Data Management

Guidelines for Data Management

The scope of these guidelines is to give recommendations to provide meaningful information on experiments, starting with the plant material used. Additionally, we have set up an ontology for the organs, some of them being not present in general plant ontologies, as well as some recommendations to describe the phenological stages. This will allow a more accurate and standard description of grapevine biological samples and will support the grapevine research community in opening its data according to FAIR principles.

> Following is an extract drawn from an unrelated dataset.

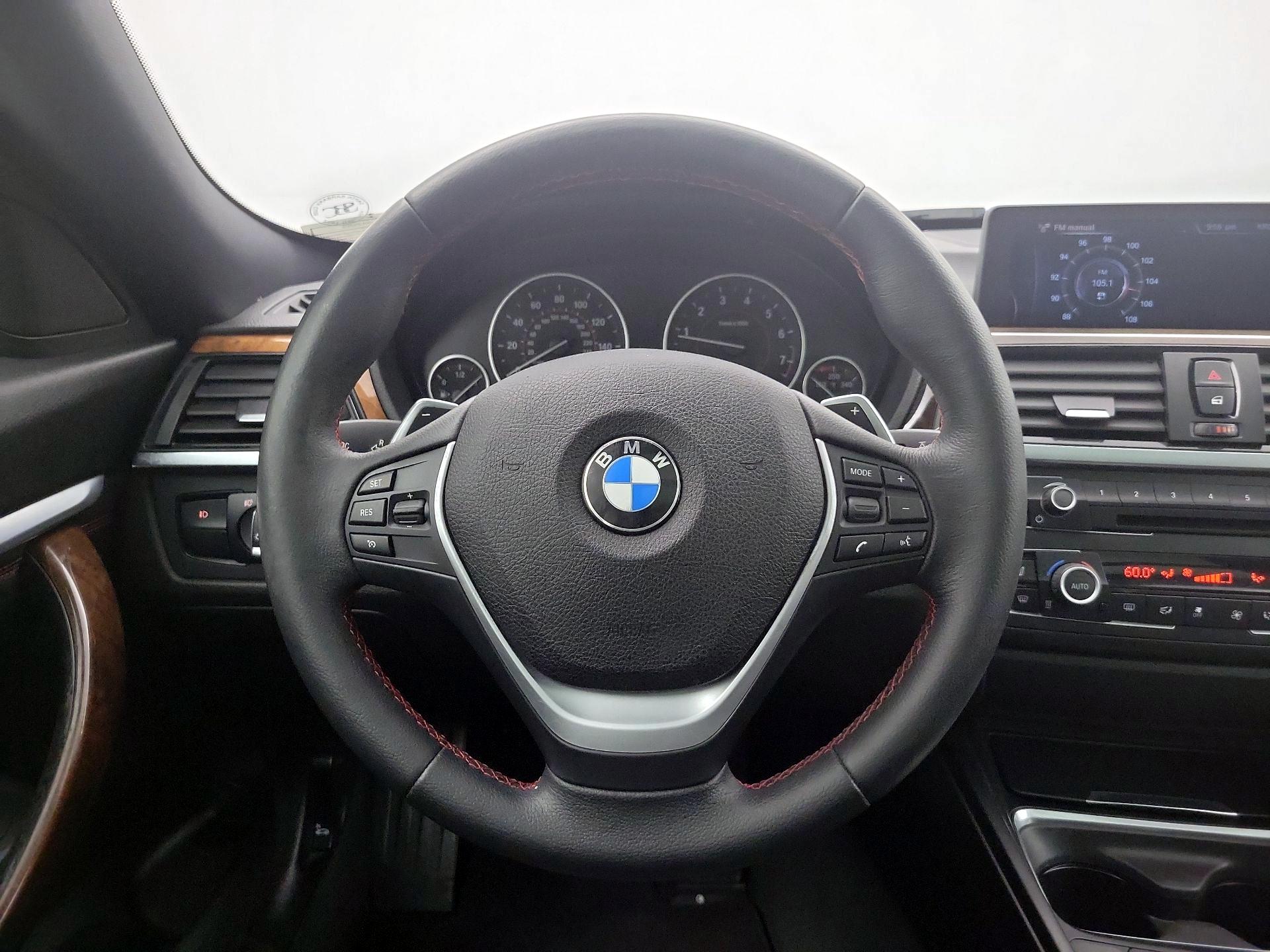 Thumbnail: 2015 BMW 3 Series - 10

Complementary useful information to support FAIR data management in Life Sciences on the dedicated European collaborative portal, RDMkit (https://rdmkit.elixir-europe.org/) and its pages focuses on the plant Science Domain (https://rdmkit.elixir-europe.org/plant_sciences)

State of the Art

The grapevine research community generates large omic datasets to address major challenges in viticulture and oenology. These datasets are processed in the context of a single study trying to answer one biological question. The value of data from individual experiments is further enhanced when considered in a wider context through meta-analysis. The meta-analysis of these integrated datasets helps identify mechanisms underlying interactions between plants, their environment and plant management techniques. However, the interpretation and re-processing of data requires quality metadata to provide an appropriate context and, in general, a compliance to FAIR principles.

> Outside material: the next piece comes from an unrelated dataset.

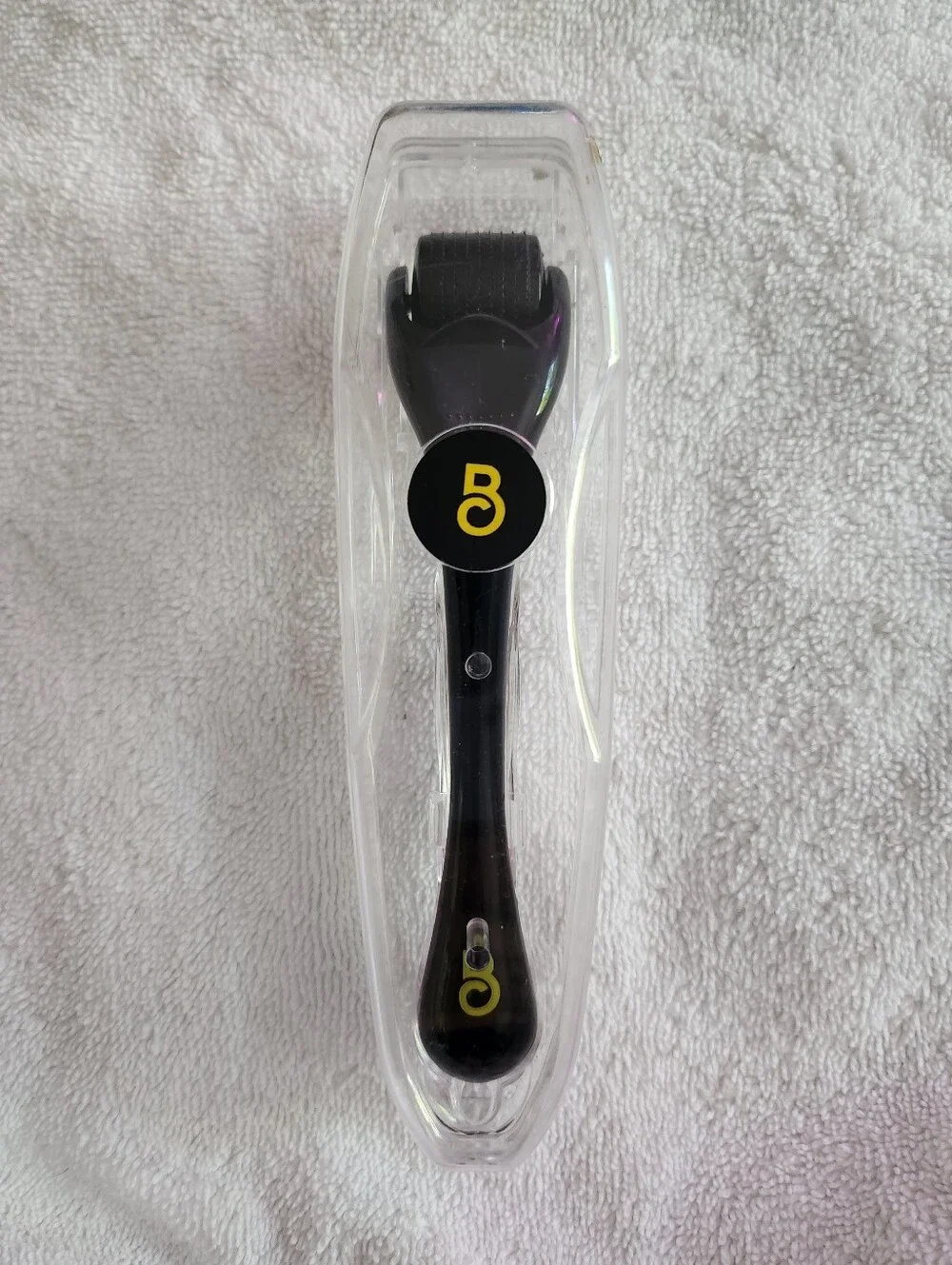 Derma Roller for Thicker-Looking Beard - Yellow Packaging, Black Roller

There are several reasons behind developing specific guidelines for the grapevine research community:

Current guidelines and ontologies supporting data standardization cannot always be applied directly to grapevine because its unique traits differ from model organisms. For that reason, the Integrape consortium (COST Action CA17111, funded by the Horizon 2020 framework of the European Union) has developed specifications for grapevine data.
Grapevine researchers generally have a biologist’s background, with a very diverse level of skills in computational biology. This is true for the members of the grapevine research community that submit data to public archives, such as ENA, while these archives of the INSDC consortium are among the most cited tools in the community, for data archival and data reuse through associated data portals.